The Grief Keeper
- First edition
- Author: Alexandra Villasante
- Language: English
- Genre: Young adult novel, science fiction
- Publisher: Putnam
- Publication date: 2019
- Awards: Lambda Literary Award
- ISBN: 978-0-525-51402-2

= The Grief Keeper =

2019 novel by Alexandra Villasante

The Grief Keeper is a science fiction novel for young adults written by Alexandra Villasante. The book was published in 2019 by Putnam and received the Lambda Literary Award in the following year.

The book tells the story of two sisters from El Salvador, Marisol and Gabi, who flee from an immigrant detention center on the American border, with the older sister, Marisol, being forced to participate in an experimental procedure or risk being deported.

== Analysis ==
The English Journal wrote that this book was used in an AP class to familiarize high school students on gender identity, sexuality, and race.

== Reception ==
Villasante's debut novel received mixed reviews.
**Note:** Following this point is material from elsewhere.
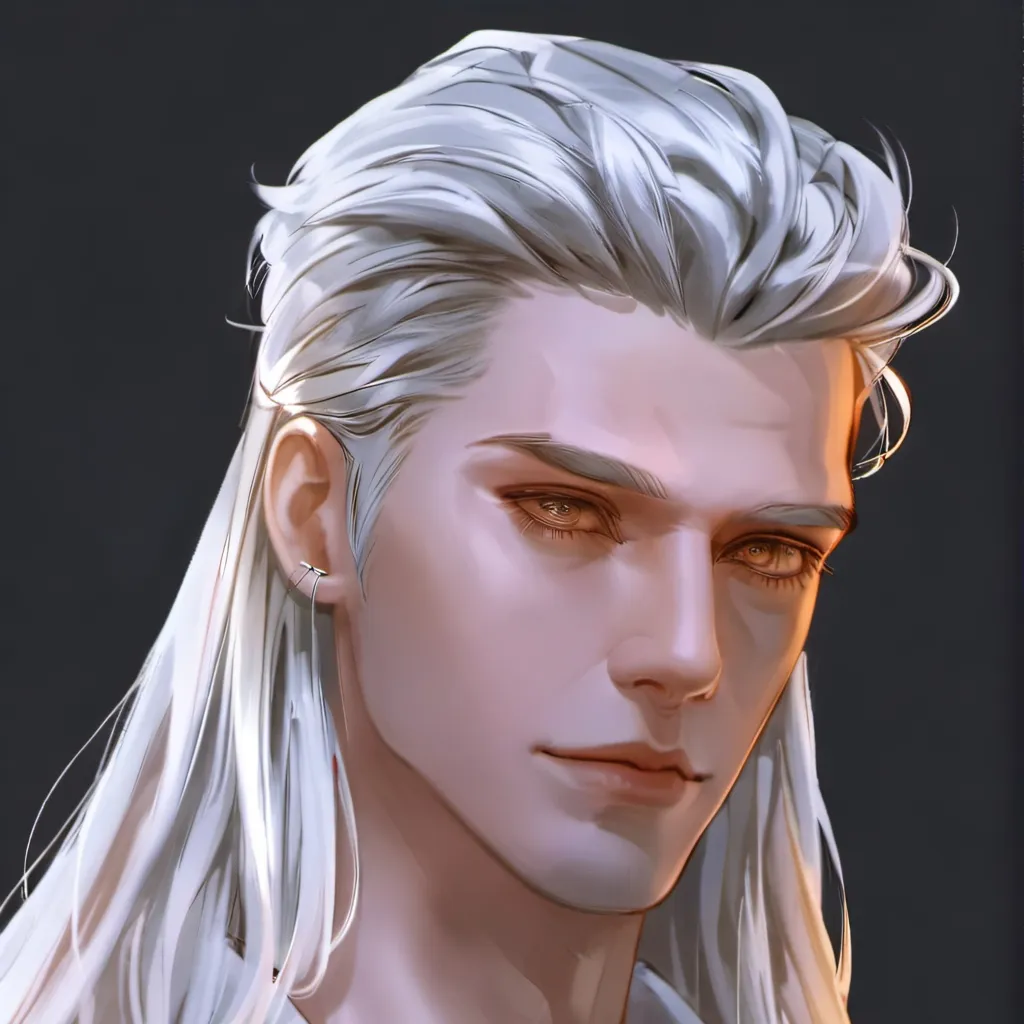 chat with ai character: Jack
Yvette Garcia, for The Booklist, praised the author's depiction of first love between the characters Marisol and Rey, but said "the final chapters feel disappointingly rushed". A review published in the School Library Journal called it a "hauntingly beautiful story" and also praised how the topics of lesbianism and immigration policies were "tastefully handled and woven into the story."
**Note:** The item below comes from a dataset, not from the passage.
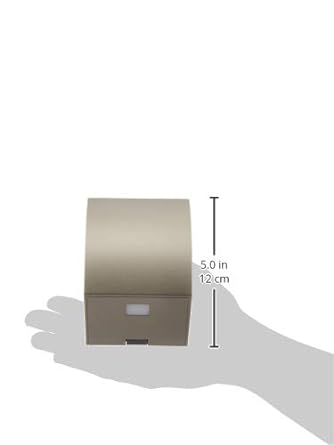 Panasonic EE Switch with Smart Electronic Off Timer Champagne Bronze EE4518Q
Kirkus Reviews highlighted the author's focus on social issues such as "anti-LGBTQ environment" and "internalized racism in immigrants", and how those are captured by Villasante's writing, but ended on a somewhat negative note, saying that "shifting the focus from loss and the complexities of immigration to the romantic relationship risks implying that relationships can remove grief."

Writing for The Catholic Library World, Annette Fisher criticized the book for its portrayal of the main character, Marisol, calling it "uneven and confusing" due to conflicting personalities. Fisher also noted the various themes that play a part in the book, from sisterly love to wealth disparity, and said none of them are "fully explained or developed", and that "they remain vague and unsatisfying much like the book's ending."

The Grief Keeper won the Lambda Literary Award in 2020, in the Young Adult category.